A marginalização ou mesmo a rejeição dos idosos é
intolerável. A sua presença na família ou, pelo
menos, a estreita solidariedade desta com eles quando,
pelo reduzido espaço da habitação ou outros motivos,
essa presença não fosse possível, é de importância
fundamental para criar um clima de intercâmbio recíproco
e de comunicação enriquecedora entre as várias idades da
vida. Por isso, é importante que se conserve, ou se
restabeleça onde tal se perdeu, uma espécie de «pacto»

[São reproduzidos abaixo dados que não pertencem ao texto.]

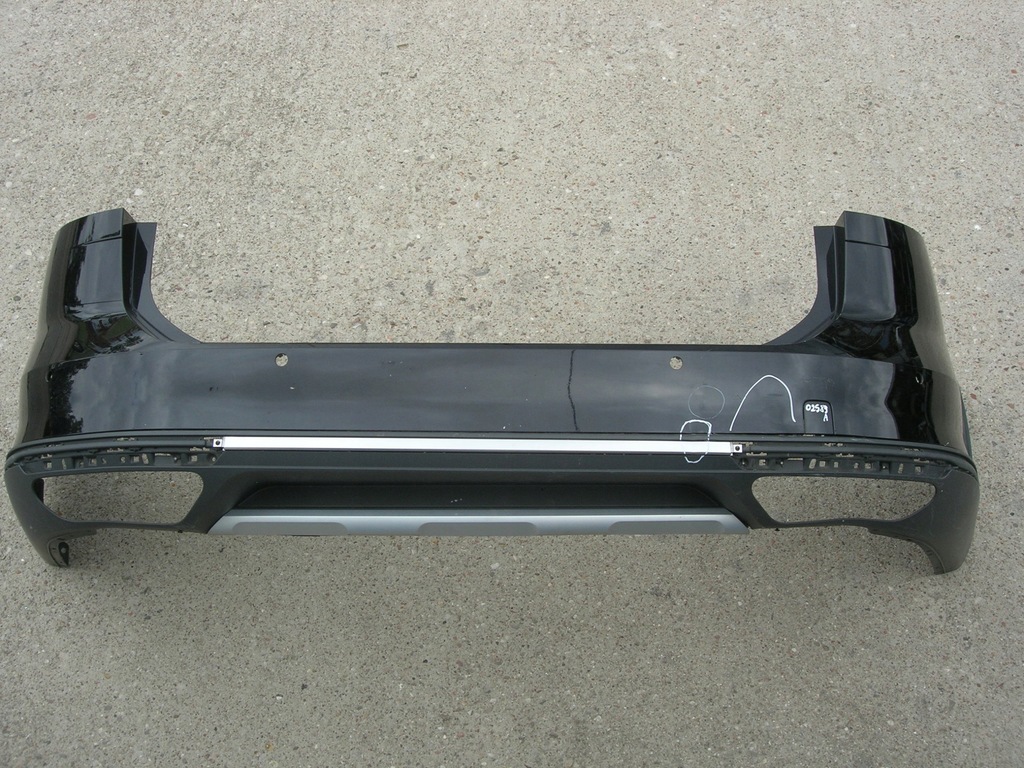 фото №6, Спойлер бампера vw passat b8 alltrack 3g9807521a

entre as gerações, de modo que os pais idosos,
chegados ao termo da sua caminhada, possam encontrar nos
filhos aquele acolhimento e solidariedade que lhes tinham
oferecido quando estes estavam a desabrochar para a vida:
exige-o a obediência ao mandamento divino que ordena
honrar o pai e a mãe (cf. Ex 20, 12; Lv 19,
3). Mas há mais... O idoso não há-de ser
considerado apenas objecto de atenção, solidariedade e
serviço. Também ele tem um valioso contributo a prestar
ao Evangelho da vida. Graças ao rico património de
experiência adquirido ao longo dos anos, o idoso pode e
deve ser transmissor de sabedoria, testemunha de
esperança e de caridade.
Se é verdade que «o futuro da humanidade
passa pela família», tem-se de reconhecer que as
actuais condições sociais, económicas e culturais
frequentemente tornam mais árdua e penosa a tarefa da
família ao serviço da vida. Para poder realizar a sua
vocação de «santuário da vida», enquanto célula de
uma sociedade que ama e acolhe a vida, é necessário e
urgente que a família como tal seja ajudada e apoiada.

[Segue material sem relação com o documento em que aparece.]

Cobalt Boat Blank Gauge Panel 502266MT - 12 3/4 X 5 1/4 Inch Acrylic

As sociedades e os Estados devem assegurar todo o apoio
necessário, mesmo económico, para que as famílias
possam responder de forma mais humana aos próprios
problemas. Por seu lado, a Igreja deve promover
incansavelmente uma pastoral familiar capaz de ajudar cada
família a redescobrir, com alegria e coragem, a sua
missão no que diz respeito ao Evangelho da vida.